TASK DETAILS: Give the whole listing below once more, exactly, without pictures.

DATA RECORDS:

>>

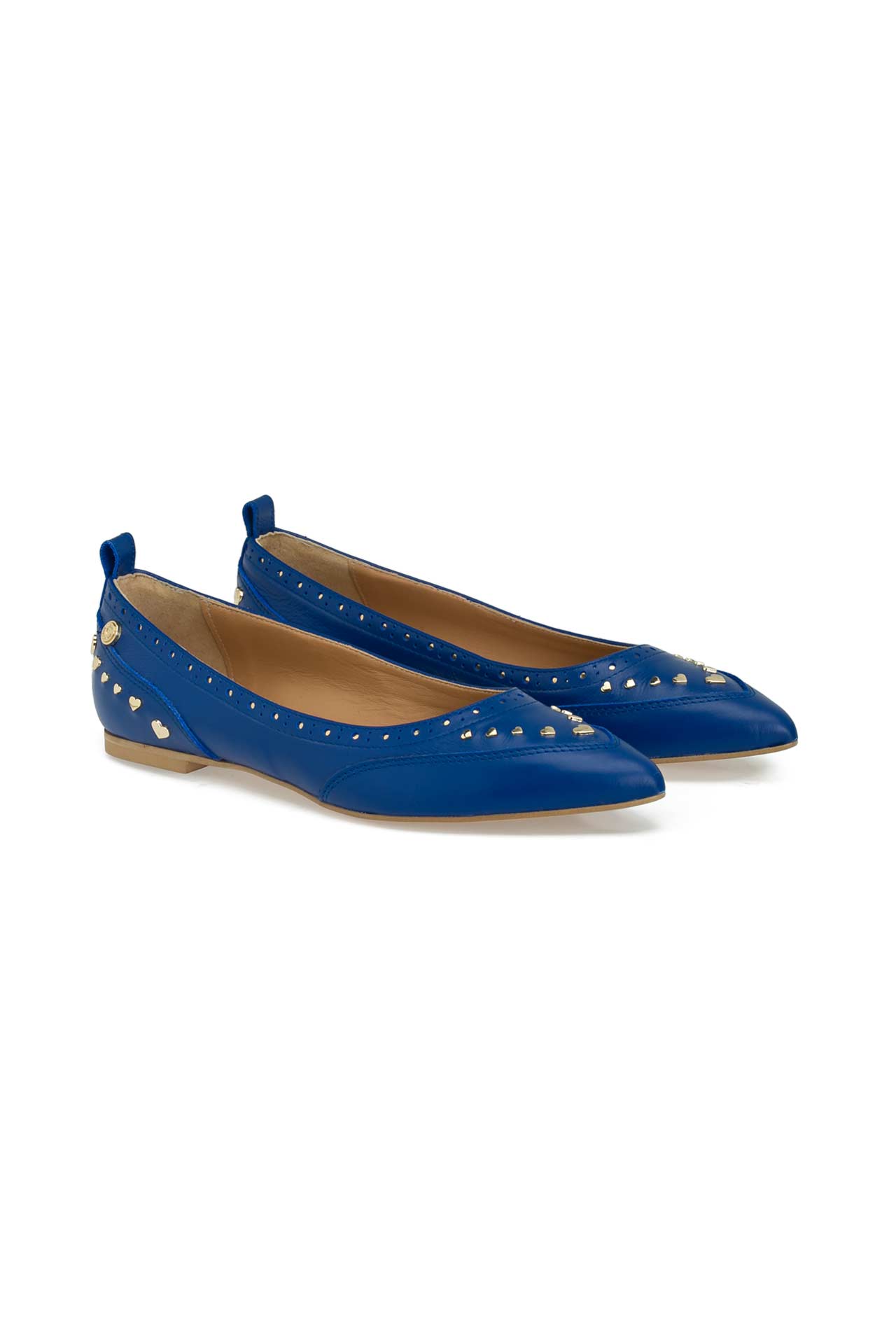 moschino ballerinas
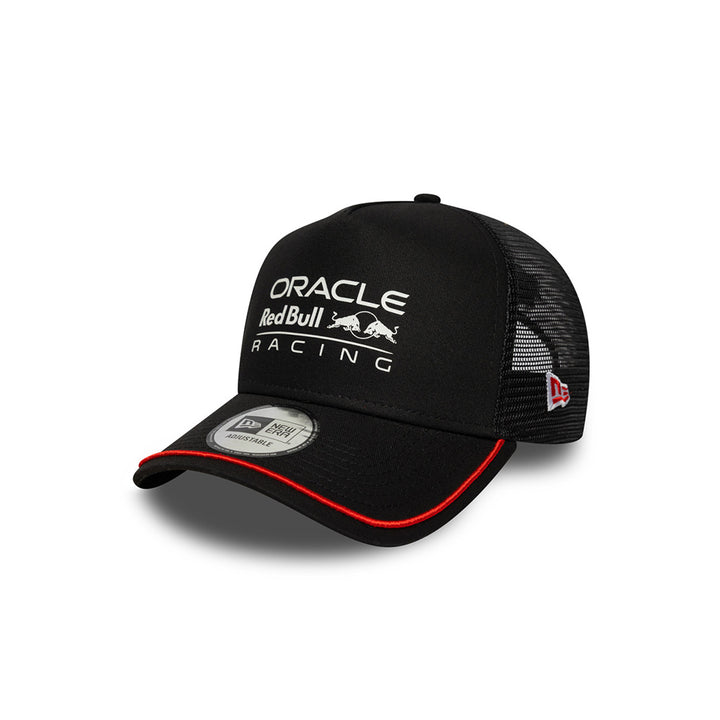 New Era หมวกรุ่น RED BULL F1 EMEA MOTORSPORT BLACK 9FORTY A-FRAME TRUCKER CAP
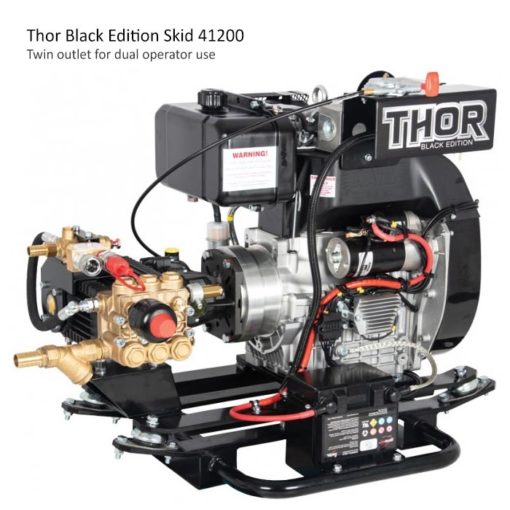 Thor Black Edition Skid 41200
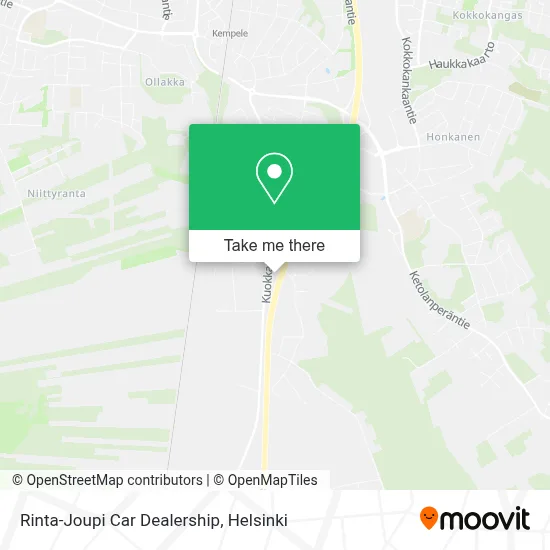 Rinta-Joupi Car Dealership map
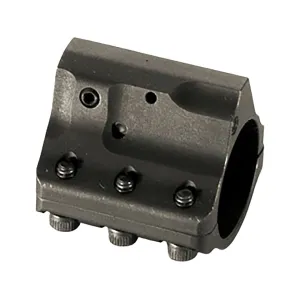 JP Enterprises Clamp On Adjustable Low Profile Gas Block AR-15, LR-308 0.875" Black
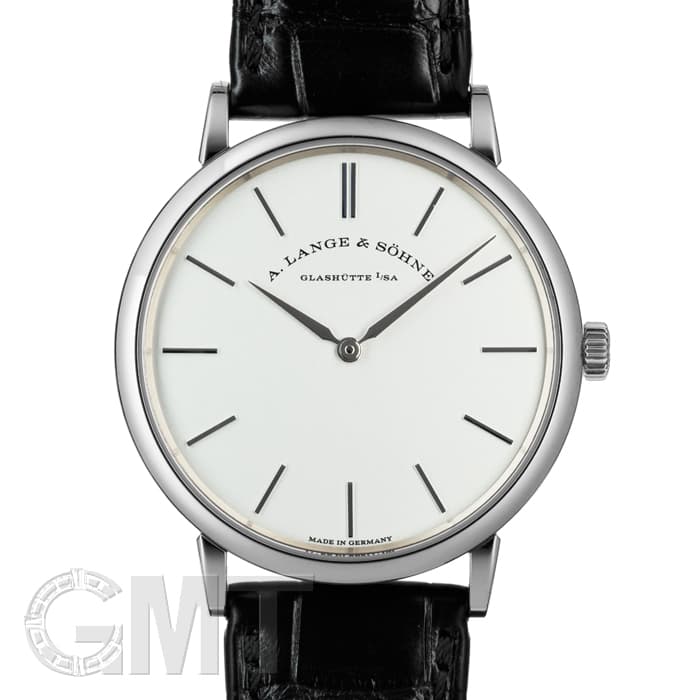 中古)A. LANGE & SOHNE ランゲ&ゾーネ サクソニア フラッハ 201.027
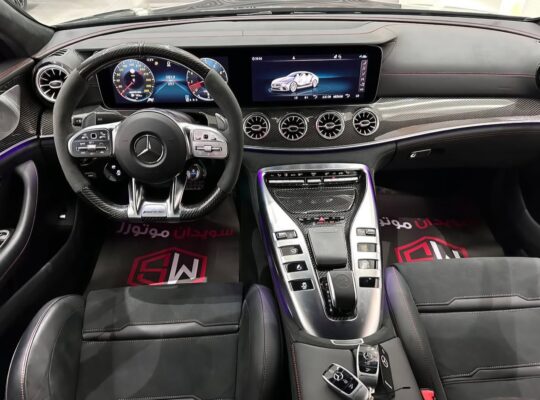 Mercedes GT63s full option 2019 Gcc for sale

<<

TASK OUTPUT:
 moschino ballerinas
 New Era หมวกรุ่น RED BULL F1 EMEA MOTORSPORT BLACK 9FORTY A-FRAME TRUCKER CAP
 Thor Black Edition Skid 41200
 Rinta-Joupi Car Dealership map
 JP Enterprises Clamp On Adjustable Low Profile Gas Block AR-15, LR-308 0.875" Black
 中古)A. LANGE & SOHNE ランゲ&ゾーネ サクソニア フラッハ 201.027
 Mercedes GT63s full option 2019 Gcc for sale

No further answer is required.